The Aquilini group and Ernst and Young, have entered into an agreement that will see the Aquilinis acquire SOPA Square on Pandosy Street for a price of $29.5 million.
According to a representative from Ernst and Young, the agreement has been brought to court for approval, and a decision should be rendered by the end of the week.
If the court approves then Ernst and Young, as the building’s receivers, will conduct a process that see them shopping for a higher purchase price for somewhere in the area of four to eight weeks.
If they don’t find anyone offering more than the $29.5 million, then they can close on the Aquilini deal.
That option isn’t one that some of the creditors of the thus-far-failed project are interested in seeing come to fruition and they’re opposing the sale, holding out for something that could better meet their financial demands.
Given that it’s far from being a done deal, a representative from the Aquilini Group was cautious in making any projections on how or when the project will be finished.
“We’re very optimistic, we’d love to finish the project,” said Kevin Hoffman, Senior Vice President of Development and Construction. “It’s a great location and would be a great place to live.”
SOPA Square isn’t the only Kelowna project in its portfolio. A Bernard Avenue project named 24 Kelowna has been on the books for years, but is currently on hold because of market conditions.
Hoffman said they’re optimistic that those conditions are improving, and Kelowna will soon display appetite for both projects.
First up, if all goes well, will be SOPA Square, due to the fact it already has two floors completed.
Whether the development will be as grand as originally pitched remains to be seen, also.
“We would look at possibly tweaking some of the floor plans and the unit mix, but substantially it would be the same,” he said.
SOPA Square was first approved for construction by the city in 2008. It was to have 48 townhouse units and 51 condominiums, as well as 40,000-square-feet of commercial and retail space on the ground level and 14,000-square-feet of office space on the second floor.
The planned mixed-use development once touted as a potential anchor for the South Pandosy commercial area, The original cost was estimated at $70 million.

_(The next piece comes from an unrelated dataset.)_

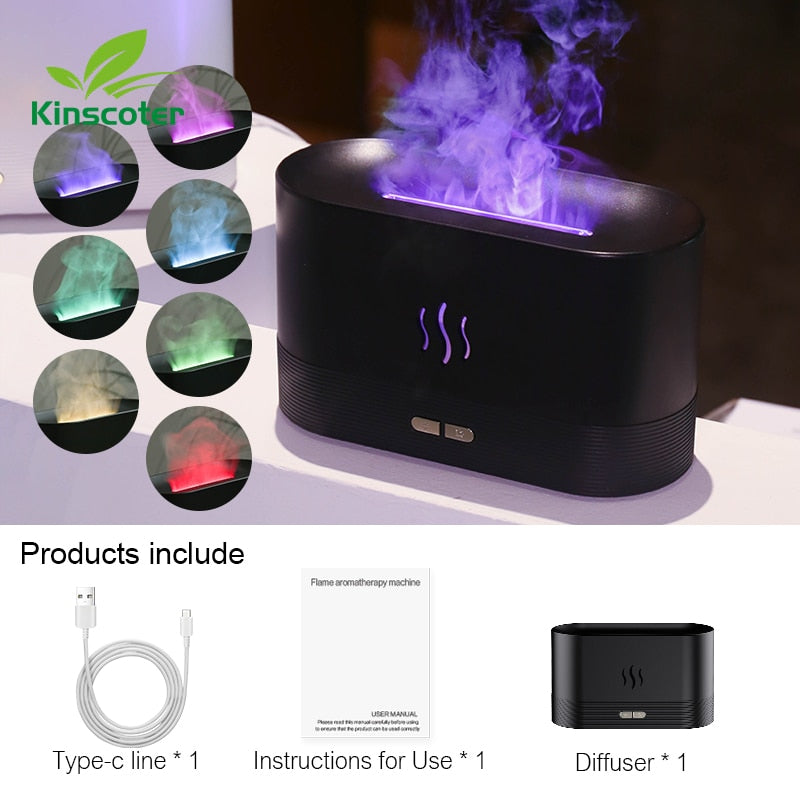 Flame Air Humidifier Aroma Diffuser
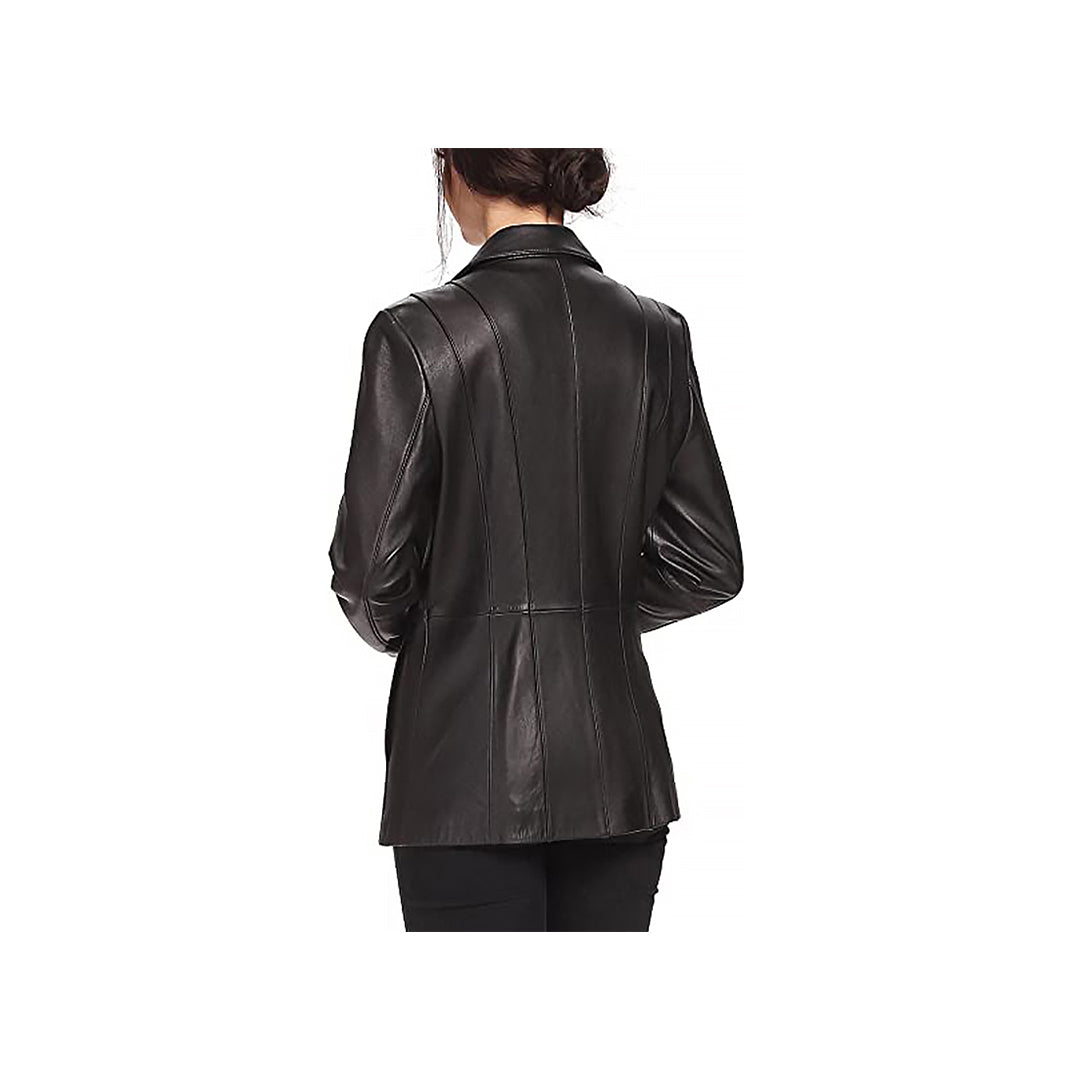 Women's Stylish Vertical Lining Blazer Jacket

Troubles for the developer started early on, as there was a lengthy delay in starting work on the project. Then safety concerns about one of the cranes on the site shut down construction work for awhile.
The original developer ran out of money and after sitting idle for a while, the project was revived when a second developer took over.
They later stepped out of the development leading to the most recent series of events.